Motivada por las noticias constantes que se hacen en relación a Can Fabra me han venido al pensamiento recuerdos y vivencias que forman parte de mi vida y posiblemente de muchas personas que actualmente somos abuelas y a la vez de barrio e Sant Andreu.

Recuerdo que por los años 1950 aproximadamente, yo soy nacida el 41, mi madre trabajaba en Ca l'Alsina, era época muy mala, llena de privaciones, aunque yo la recuerdo feliz, ya que en casa siempre había un plato caliente, aunque capricho ni uno, ni medio, pero afortunadamente iba a la cama con el estómago caliente, pero no el cuerpo, pues de aquel tiempo lo peor que recuerdo se la escarcha a lado de las aceras, el frío, ropas que abrigaban poco, casas frías, restricciones de electricidad, etc. Pues bien, uno de los recuerdos que me lleva a Can Fabra es el sonido de la sirena que anunciaba la entrada de todos los trabajadores y trabajadoras a las seis de la mañana.
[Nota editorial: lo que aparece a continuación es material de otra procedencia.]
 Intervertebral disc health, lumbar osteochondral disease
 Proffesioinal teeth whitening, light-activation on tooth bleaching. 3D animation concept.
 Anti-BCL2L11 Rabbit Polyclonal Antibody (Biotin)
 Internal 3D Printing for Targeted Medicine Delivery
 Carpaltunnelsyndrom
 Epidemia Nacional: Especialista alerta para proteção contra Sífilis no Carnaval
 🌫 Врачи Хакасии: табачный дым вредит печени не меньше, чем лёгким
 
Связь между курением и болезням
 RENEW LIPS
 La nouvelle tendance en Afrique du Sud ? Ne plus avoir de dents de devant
Muchas de las mujeres de los barrios del Verdum, la Prosperidad, los Cuarenta metros, etc., pasaban por nuestra calle, todas eran mujeres, muchas con niños pequeños que llevaban en la Casa Cuna. Aquello era el inicio de un nuevo día.
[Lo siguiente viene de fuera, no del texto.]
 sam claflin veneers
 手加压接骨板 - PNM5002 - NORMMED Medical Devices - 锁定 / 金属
Mas tarde volvía a sonar la sirena, sino recuerdo mal a las 9 de la mañana, en aquella ocasión salían todas las mujeres de la fábrica, muchas de ellas con el bocadillo en las manos, comprando por el mercado, en aquella época vivo y alegre . Las vendedoras las atendían pasándolas por delante de todos, era una norma que se había convertido en ley.

Siempre recordaré aquella bata azul que llevaba mi madre, con el anagrama a la izquierda de "H.F.C."